I just finished walking all 2,176 miles of the Appalachian Trail from Springer Mountain in Georgia to Mt. Katahdin in Maine. I encountered 3 rattlesnakes and 38 bears and even in those encounters the need for a weapon never popped into my head, I just didn’t need one and chances are if I had one an animal or fellow hiker may have been injured or killed for no good reason.

I’m certain that a few of the thousands of hikers I encountered on the hike carried illegal weapons. I would venture that not many did, the weapons and ammunition are heavy and useless on a hike but there are those that just can’t leave home without them. The proof is in the numbers: nearly five million people hike some portion of the trail every year, not to mention all of the other trails in the nations parks. Violent attacks on hikers are practically non-existent; they don’t have guns to shoot each other. Will that change with the change in the law, probably not dramatically, but I can safely predict there will be more dead animals and more killings and murders than there were before. Time will tell.

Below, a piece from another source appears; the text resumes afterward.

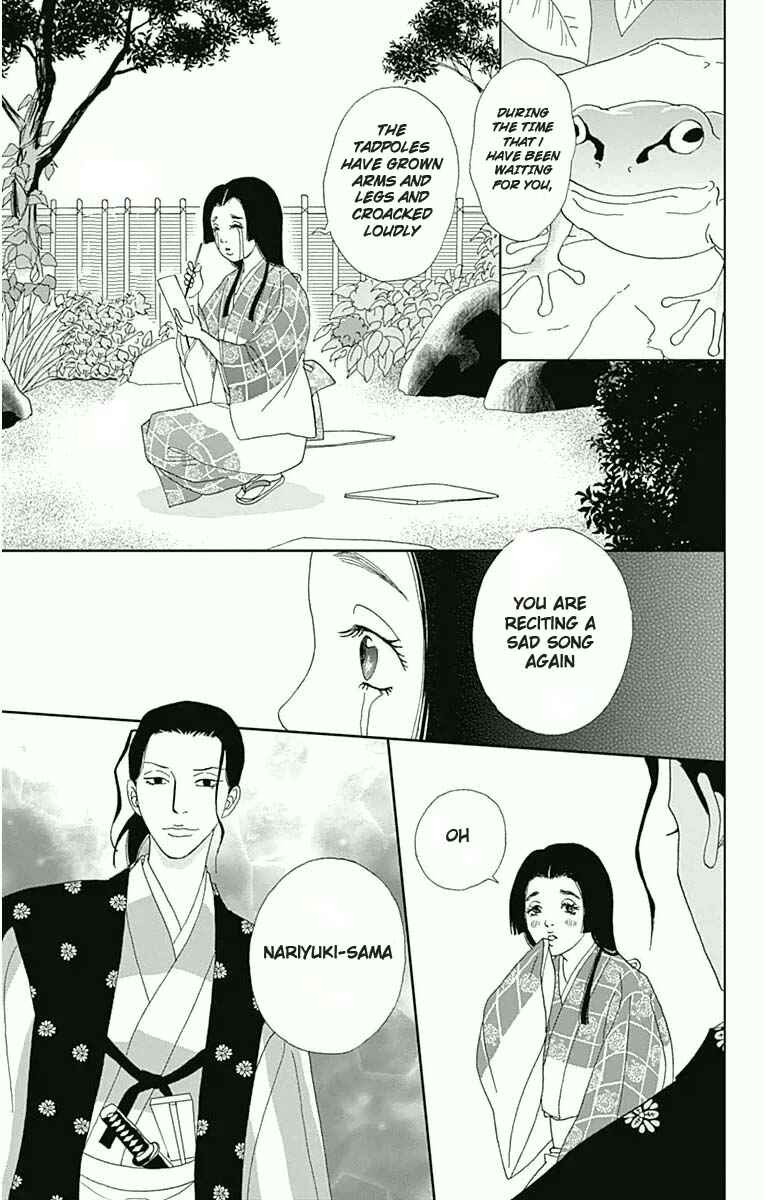 Page 6 Chapter 19 Ashi-Girl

In the military we would get chewed up and down if we called our M16 a “gun.” The drill instructor would jump all over us; ranting that it is not a “gun,” it is a “weapon.” It is a weapon; it ultimately serves one purpose, to kill. That is why these things came into existence and until the general public realizes that is why these weapons exist they will continue to be viewed as toys.

May. 22nd, 2009

Dennis, K1YPP

Memorial Day, 2009

I take Memorial Day very seriously. I find it disgusting that it is for most a day to go shopping. My own brother was killed in action as a Marine in Vietnam; somehow I just don't make the connection between shopping and dying for ones country.

Lately there have been tributes to America’s fallen circulating on the Internet. At first blush it seems a tribute to those unfortunate troops that never came home. There are spectacular photos of the gravesites all over Europe; they’re very impressive. However, what troubles me is the text accompanying the photos, and the underlying message; that somehow, those countries, home to those grave sites, are somehow disrespectful of the USA. There is an inference that they have forgotten our sacrifice and that they “owe” us something. I would argue that they have not forgotten at all.

One of the things that always angered me about the previous (Bush) administration was the "Freedom Fries" nonsense and the disrespect for the countries that have these grave sites for our hero's. I have been to some of those sites and they honor our dead as they would their own. They showed me nothing but respect when I visited there. True, the cemeteries in these countries are managed by the US based American Battle Monument Commission, but residents of those countries handle most of the local maintenance and care.

In 1984, my father was to celebrate his 70th birthday. He was a highly decorated paratrooper in WW II, with both the 82nd and 101st Airborne. He spent a good number of the later years of his life suffering from the wounds received and from nearly freezing to death in Bastogne, Belgium. A number of months before his September birthday I took it upon myself to write to the cities of Bastogne, Belgium, Ste. Mère-Eglise (Normandy, France), Nijmegen, Holland and others to ask if they could somehow send him a birthday card.

I immediately received WAY more than I requested. I received packages from the mayors of these cities and more. They were full of medallions, personal letters of thanks, birthday wishes, photographs and all sorts of honorable documents from these places he fought. They were heartfelt, touching and honest.

Sadly, a few days before his birthday on September 28th, 1984, he passed away in the night. I think what broke my heart more than anything else was that I was keeping everything to give it to him on his birthday. He never saw any of it. If there were anything that I could relive in my life, it would be to give him all that I received.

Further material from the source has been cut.